Utah’s chances to host the 2030 Winter Olympics just improved

And then there were two.

Utah’s odds of hosting the 2030 Winter Games improved significantly Wednesday following the announcement that British Columbia will not support Vancouver’s Olympic bid.

Without that support, it is expected the field will now be down to just Utah and Sapporo, Japan, with one expected to be singled out as soon as December.

Vancouver strived to host the first indigenous-led bid for the Olympics, but the costs would have fallen mostly to the province of British Columbia, and its government declined to pursue the effort.

“I know that the prospect of hosting these Games is exciting to athletes and sports fans. However, the Province has the responsibility to weigh the benefits with the costs and possible risks of the project,” Lisa Beare, the British Columbia Minister of Tourism, Arts, Culture and Sport, said in a statement Wednesday.

“There are billions of dollars in direct costs, and potential guarantee and indemnity liability risks on this project that could jeopardize our government’s ability to address pressures facing British Columbians right now.”

Vancouver had been considered a strong candidate for 2030 and a pivotal player in Utah’s bid to host its second Winter Olympics.

One of Salt Lake City’s trump cards in the bid to host the Games is that it fits almost perfectly within the International Olympic Committee’s new focus on sustainability. Yet Vancouver was a model example for that new tack as well. Those two are the only Olympic sites that still have 100% of their venues in use. And like Utah, Vancouver’s Games, held in 2010, were considered a booming success.

However, the IOC likes to spread its marquee events out among different regions. And concerns had bubbled up that if either Salt Lake City or Vancouver was picked as host for 2030, that could have scuttled the other’s hopes to host in 2034 — especially since Los Angeles will hold the Summer Games in 2028.

Fraser Bullock, who is leading the effort to return the Olympics to Utah as the president and CEO of the Salt Lake City-Utah Committee for the Games, said B.C.’s withdrawal underscores how challenging it can be to get all the pieces in place to make a bid.

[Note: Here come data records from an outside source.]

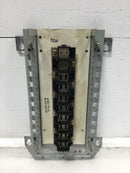 FPE LX116-24 125 Amp 16 Space Load Center Guts Only 14.25" X 8.5"- Missing Parts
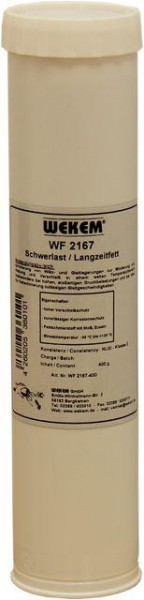 WEKEM Langzeit-/ Schwerlastfett mit MoS2, 400g Kartusche, WF-2167-400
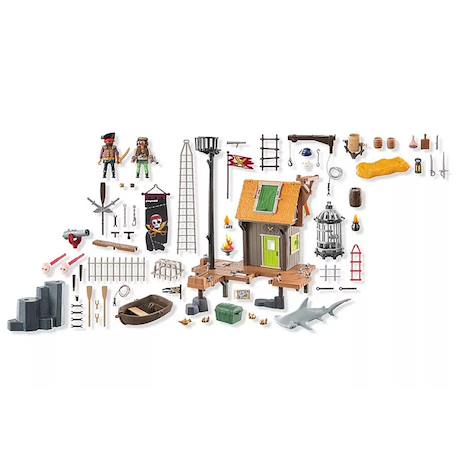 Pirates port de pirates avec repaire, prisons et canon 71792 Multicolore 4 - vertbaudet enfant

“I applaud them for their efforts in trying to host the Games because hosting the Games is immensely challenging,” Bullock said. “So I applaud them for giving it a try. But it is understandable why, with the background of British Columbia, they are withdrawing. We just respect the effort they put in to try to host again.”

Sapporo, now Utah’s only competition, has undergone its own difficulties of late. Only about half the people in the Hokkaido region support hosting the Games. Plus, a bribery scandal that occurred during the 2020 Summer Games in Tokyo cast a shadow over another Japanese bid.

Bullock said Vancouver’s withdrawal does not change anything in regard to how Utah will approach the bid process.

“For us, we just continue forward,” he said. “It doesn’t change our path.”

A Future Host Commission is expected to give its recommendation for the 2030 host to the IOC’s executive board next month. The board could enter into a targeted dialog phase with a city by early December. If the city it chooses at that time is able to fulfill all its contracts and obligations, it will be named the host at the IOC’s general meeting in October 2023.